Introduction: Heart Failure preserved Ejection Fraction (HFpEF) is a major burden on the healthcare system and better understanding risk prediction in this population may help guide management. Our objective was to assess the complementary value of existing heart failure risk scores, Get with The Guidelines (GWTG), Intermountain Mortality Risk Score (IMRS) and the Meta-Analysis Global Group in Chronic Heart Failure (MAGGIC) Scores in an independent cohort of patients hospitalized with acute HFpEF.

Methods: Using Stanford Translational Research Integrated Database Environment and individual chart review, we identified 580 adult patients hospitalized with acute heart failure and left ventricular ejection fraction ≥ 50%. We excluded patients with advanced liver/kidney disease, valve replacement, transplantation, active malignancy, pulmonary arterial hypertension and hypertrophic cardiomyopathy. A sub-group of 341 patients had NT-proBNP levels available. Mortality status was determined using United States Social Security Death Index and chart review. Cox proportional hazard analysis was used to determine the heart failure risk scores predictive of all-cause mortality in HFpEF.

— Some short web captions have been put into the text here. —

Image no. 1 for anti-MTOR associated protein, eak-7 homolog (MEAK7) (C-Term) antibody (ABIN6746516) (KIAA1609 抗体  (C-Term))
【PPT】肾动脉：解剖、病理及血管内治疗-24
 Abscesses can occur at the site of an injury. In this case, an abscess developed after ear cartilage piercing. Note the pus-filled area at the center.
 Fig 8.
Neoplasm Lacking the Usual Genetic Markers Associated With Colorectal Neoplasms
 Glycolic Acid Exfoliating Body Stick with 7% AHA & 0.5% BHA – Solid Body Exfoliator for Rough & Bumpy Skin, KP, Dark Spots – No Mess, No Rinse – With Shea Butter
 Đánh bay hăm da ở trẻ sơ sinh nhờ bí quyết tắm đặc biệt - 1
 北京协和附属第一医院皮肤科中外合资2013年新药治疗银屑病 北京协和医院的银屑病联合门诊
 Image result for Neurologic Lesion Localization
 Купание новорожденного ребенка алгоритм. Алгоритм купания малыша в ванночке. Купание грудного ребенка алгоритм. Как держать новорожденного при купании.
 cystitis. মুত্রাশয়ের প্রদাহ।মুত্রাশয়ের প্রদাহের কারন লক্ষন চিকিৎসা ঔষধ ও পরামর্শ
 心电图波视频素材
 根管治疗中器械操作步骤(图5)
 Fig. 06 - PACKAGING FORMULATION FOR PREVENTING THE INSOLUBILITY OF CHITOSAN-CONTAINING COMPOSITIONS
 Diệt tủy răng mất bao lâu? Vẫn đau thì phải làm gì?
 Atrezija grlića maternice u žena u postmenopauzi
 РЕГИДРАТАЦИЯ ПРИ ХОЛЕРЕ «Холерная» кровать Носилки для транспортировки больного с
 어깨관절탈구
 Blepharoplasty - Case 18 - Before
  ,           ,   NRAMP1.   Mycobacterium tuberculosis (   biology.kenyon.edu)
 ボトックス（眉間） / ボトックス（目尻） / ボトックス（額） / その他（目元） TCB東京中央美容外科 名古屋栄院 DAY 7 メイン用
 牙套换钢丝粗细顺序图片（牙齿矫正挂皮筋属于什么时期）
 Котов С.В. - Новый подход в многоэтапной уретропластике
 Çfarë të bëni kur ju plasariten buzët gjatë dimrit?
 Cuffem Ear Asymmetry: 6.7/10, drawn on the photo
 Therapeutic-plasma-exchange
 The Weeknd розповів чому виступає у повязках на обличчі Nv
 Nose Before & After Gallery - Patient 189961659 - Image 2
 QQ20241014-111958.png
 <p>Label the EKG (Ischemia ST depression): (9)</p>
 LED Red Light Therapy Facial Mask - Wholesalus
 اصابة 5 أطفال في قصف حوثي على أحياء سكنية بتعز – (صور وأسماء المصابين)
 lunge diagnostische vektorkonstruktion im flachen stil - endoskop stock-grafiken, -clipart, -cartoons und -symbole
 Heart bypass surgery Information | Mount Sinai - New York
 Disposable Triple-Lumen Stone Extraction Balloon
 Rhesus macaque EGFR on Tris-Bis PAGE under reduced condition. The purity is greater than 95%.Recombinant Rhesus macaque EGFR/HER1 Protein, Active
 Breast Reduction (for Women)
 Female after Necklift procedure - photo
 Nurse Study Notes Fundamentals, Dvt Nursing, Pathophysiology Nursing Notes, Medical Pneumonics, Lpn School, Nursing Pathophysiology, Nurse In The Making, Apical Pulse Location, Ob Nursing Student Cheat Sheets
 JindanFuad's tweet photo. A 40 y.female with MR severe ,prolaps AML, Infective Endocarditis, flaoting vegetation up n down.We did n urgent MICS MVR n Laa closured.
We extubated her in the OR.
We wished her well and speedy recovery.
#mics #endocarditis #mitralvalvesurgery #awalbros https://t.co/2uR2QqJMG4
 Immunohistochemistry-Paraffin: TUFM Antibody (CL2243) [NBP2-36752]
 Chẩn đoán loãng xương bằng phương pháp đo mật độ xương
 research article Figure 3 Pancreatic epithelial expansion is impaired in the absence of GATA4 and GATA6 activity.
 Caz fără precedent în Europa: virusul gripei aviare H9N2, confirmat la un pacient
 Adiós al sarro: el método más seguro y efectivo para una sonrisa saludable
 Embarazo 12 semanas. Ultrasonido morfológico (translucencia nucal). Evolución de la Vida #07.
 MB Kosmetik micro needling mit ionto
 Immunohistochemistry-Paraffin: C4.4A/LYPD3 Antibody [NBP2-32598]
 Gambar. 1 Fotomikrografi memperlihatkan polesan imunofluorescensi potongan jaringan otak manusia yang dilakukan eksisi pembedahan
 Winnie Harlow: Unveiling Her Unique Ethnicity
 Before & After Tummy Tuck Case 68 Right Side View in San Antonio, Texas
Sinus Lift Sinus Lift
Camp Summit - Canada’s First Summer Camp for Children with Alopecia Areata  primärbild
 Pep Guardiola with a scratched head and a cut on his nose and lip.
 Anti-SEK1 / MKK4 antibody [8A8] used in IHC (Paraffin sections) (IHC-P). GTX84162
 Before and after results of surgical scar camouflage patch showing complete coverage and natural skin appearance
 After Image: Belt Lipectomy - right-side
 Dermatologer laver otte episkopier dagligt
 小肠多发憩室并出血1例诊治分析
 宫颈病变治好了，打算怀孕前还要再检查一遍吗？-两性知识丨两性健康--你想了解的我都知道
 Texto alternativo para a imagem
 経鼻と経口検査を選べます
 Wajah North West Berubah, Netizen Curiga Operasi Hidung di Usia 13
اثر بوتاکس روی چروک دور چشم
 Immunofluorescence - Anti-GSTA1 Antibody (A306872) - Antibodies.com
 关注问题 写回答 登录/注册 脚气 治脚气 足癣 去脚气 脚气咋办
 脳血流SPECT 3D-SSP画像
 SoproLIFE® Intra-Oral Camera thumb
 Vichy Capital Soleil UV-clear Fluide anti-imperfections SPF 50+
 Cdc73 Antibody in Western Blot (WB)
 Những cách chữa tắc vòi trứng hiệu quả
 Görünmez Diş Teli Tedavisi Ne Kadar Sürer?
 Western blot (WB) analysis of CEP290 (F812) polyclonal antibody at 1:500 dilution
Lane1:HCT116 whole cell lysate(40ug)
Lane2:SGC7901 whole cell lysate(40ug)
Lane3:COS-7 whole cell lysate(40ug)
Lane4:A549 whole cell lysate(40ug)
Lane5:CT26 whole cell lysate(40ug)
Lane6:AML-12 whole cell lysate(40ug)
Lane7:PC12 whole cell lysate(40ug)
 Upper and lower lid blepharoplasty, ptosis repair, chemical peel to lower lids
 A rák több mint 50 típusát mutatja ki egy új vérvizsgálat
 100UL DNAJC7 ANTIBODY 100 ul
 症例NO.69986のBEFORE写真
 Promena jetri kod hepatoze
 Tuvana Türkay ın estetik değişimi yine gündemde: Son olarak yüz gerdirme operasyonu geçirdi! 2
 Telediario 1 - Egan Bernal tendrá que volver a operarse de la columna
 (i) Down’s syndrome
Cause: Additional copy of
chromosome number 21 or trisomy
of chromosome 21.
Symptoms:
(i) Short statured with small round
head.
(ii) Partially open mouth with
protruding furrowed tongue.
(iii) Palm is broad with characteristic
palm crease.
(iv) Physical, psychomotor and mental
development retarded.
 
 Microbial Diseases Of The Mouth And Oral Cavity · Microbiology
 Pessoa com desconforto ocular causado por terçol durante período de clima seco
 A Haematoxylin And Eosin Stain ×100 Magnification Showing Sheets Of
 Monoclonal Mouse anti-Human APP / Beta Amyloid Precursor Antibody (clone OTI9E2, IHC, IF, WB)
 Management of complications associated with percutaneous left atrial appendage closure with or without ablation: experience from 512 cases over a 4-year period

Results: The mean age was 76 ± 15 years with 334 (57.6%) females. Median length of hospital stay was 4 (IQR 2 - 9) days and follow up of 2.0 (IQR 0.2 - 4.6) years with a total of 139 (24%) deaths. On multivariate analysis, the GWTG, IMRS and MAGGIC scores were independent correlates of all-cause mortality with normalized hazard ratios of 1.48 (1.17 - 1.86), 1.41 (1.15 - 1.76) and 1.31 (1.04 - 1.70) respectively (Figure). In patients with NT-proBNP collected, NT-proBNP remained significantly associated with mortality with normalized hazard ratio of 1.52 (1.22 - 1.91) even after adjustment for the risk scores.

Conclusion: In patients hospitalized with acute HFpEF, established heart failure Risk scores together with NT-proBNP can play a complementary role in outcome prediction.